As someone who lives and works in Los Angeles, Gus and Mickey’s day-to-day lives hit uncomfortably close to home (literally, in one shot I recognize my old street), and I can say that this show is pretty G-D accurate. The only unrealistic conversation is Charlene Yi’s character suggesting the “repressed, hostile nerds” live in Santa Monica, like they’re not all mobbing everywhere east of K-Town.

Arfin and Co. view Los Angeles through an affectionate lens; the city itself is a conspicuous backdrop. With Transparent and Love both set noticeably in the City of Angels, it seems that streaming TV tries hard to win us over to its side (you’ll never take me alive, Apatow!) There’s an enchanting grunge allowed in Los Angeles: A mother can live in an apartment complex with her young son, wear Converse, and freely dispense Ambien without anyone blinking an eye–she probably also drinks green juice and enrolls her son in the best Montessori school in Silverlake. And the guys at The Springwood (based wholly on the infamous, depressing Oakwood apartments) who have lived together for 18 years as “just best friends,” probably are just best friends, still trying to make it after a near two decades in Hollywood.

Mickey and Gus have parallel moments of clarity in their post-love lives, moments of “what the fuck am I doing?”–hers at a weird, late-night, love-based cult while on Ambien, his while having a maybe incestuous 3-way. They’re moments of realization, of “maybe I can’t survive like this anymore.” Speaking to the congregation of Bliss Hotel, a small-voiced Mickey opines about those Facebook friends who post ”pictures of their kids in little headbands,” asking “That can’t be it. Right?”
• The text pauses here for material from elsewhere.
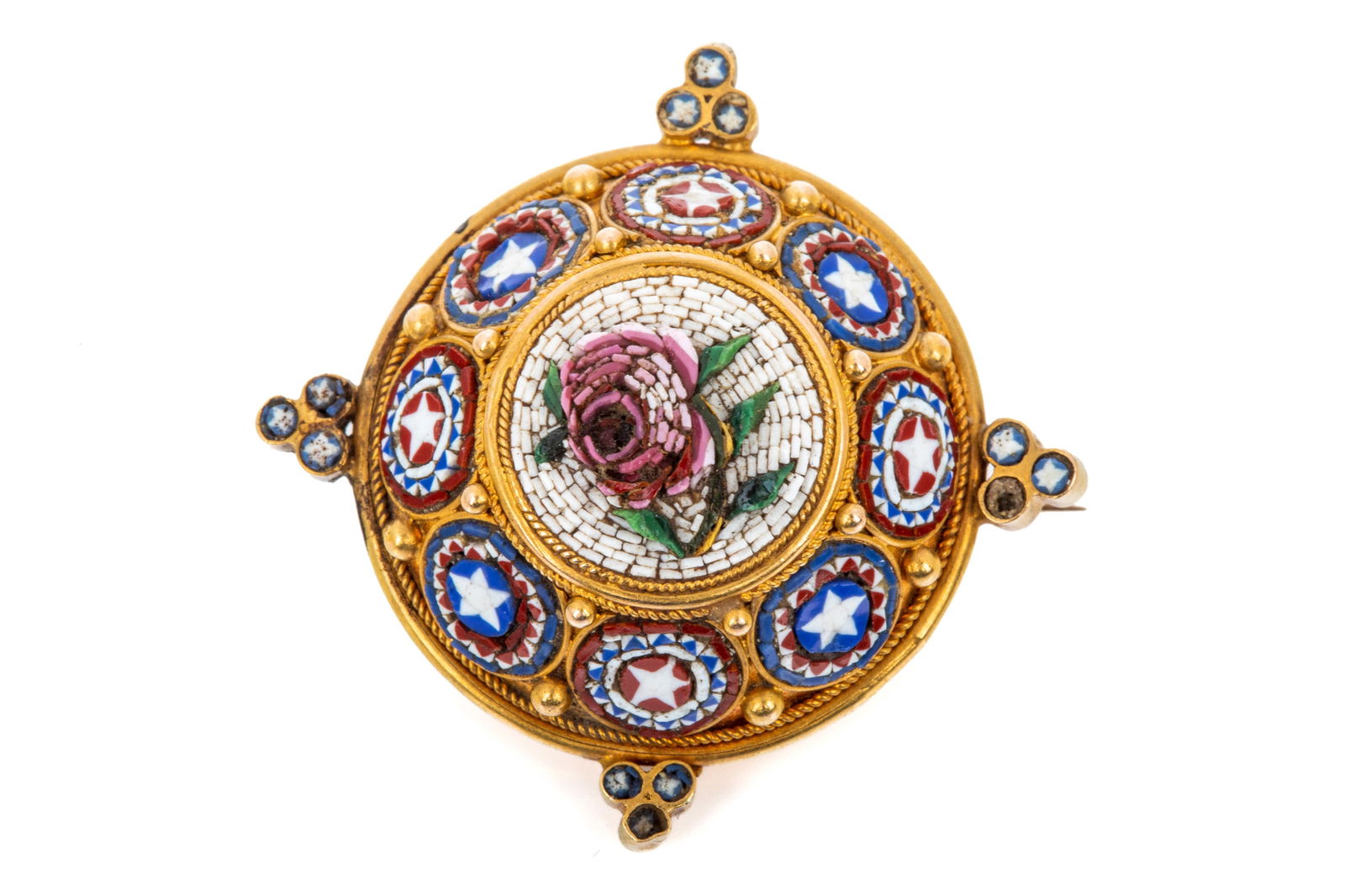 18K LATE GEORGIAN MICO MOSAIC LOCKET BROOCH 12.4g: Yellow gold late Georgian era micro mosaic brooch testing approximately 18K, measuring 32.9mm by 33.3mm, equipped with tube hinge and C clasp. Featuring a 3 dimensional raised micro mosaic pink rose,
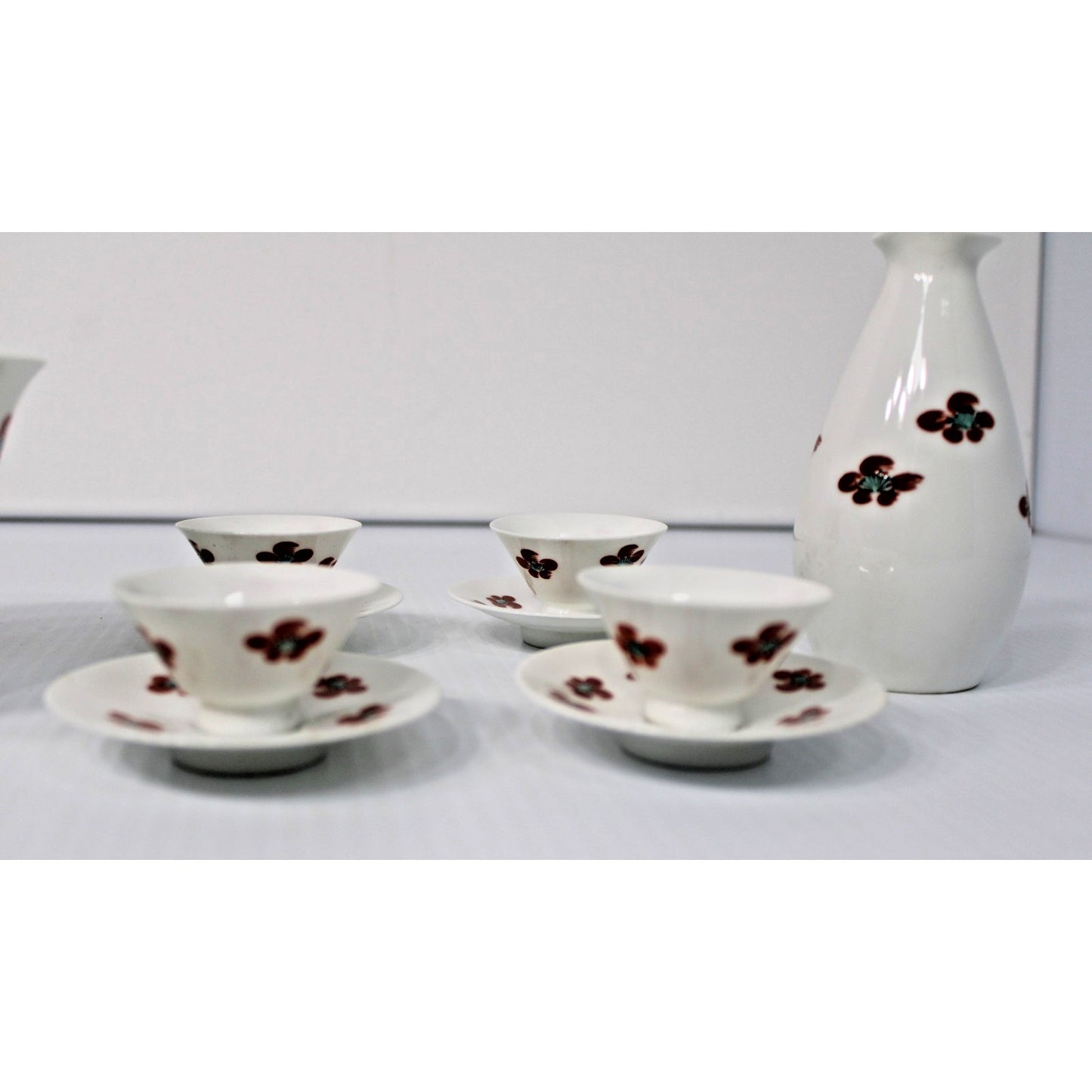 VTG 10-piece Fine Porcelain Sake Set, Plum Blossom Tokkur, Cups, Bowl, Saucers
Maybe it is, maybe it isn’t. Maybe love doesn’t find us when we’ve learned to love ourselves, when we’ve sent enough karmic love out into the universe to earn some back; when we’ve turned our life into the perfect, “weathered Oak furniture” Pinterest board. Or, maybe love finds those “dipshits from highschool,” the ones posting all those picture that way. But for other people, maybe love finds you after one really, really bad night.


Grade: A-

Random Thoughts:

  • Apatow loves these one word shows huh?
  • Can child stars really talk like that? Am I allowed to talk like that??
  • Since I feel unnervingly close to the material, I’d be interested to know how Love appeals to, say, my older sister in Med school, or the friend who lives happily in Colorado with a stable job and family.
  • Woah! Iris Apatow really showed up to play. She kills it.
  • Woah! The Grubes is here! David Allen welcome back to my screen, it has been far too long.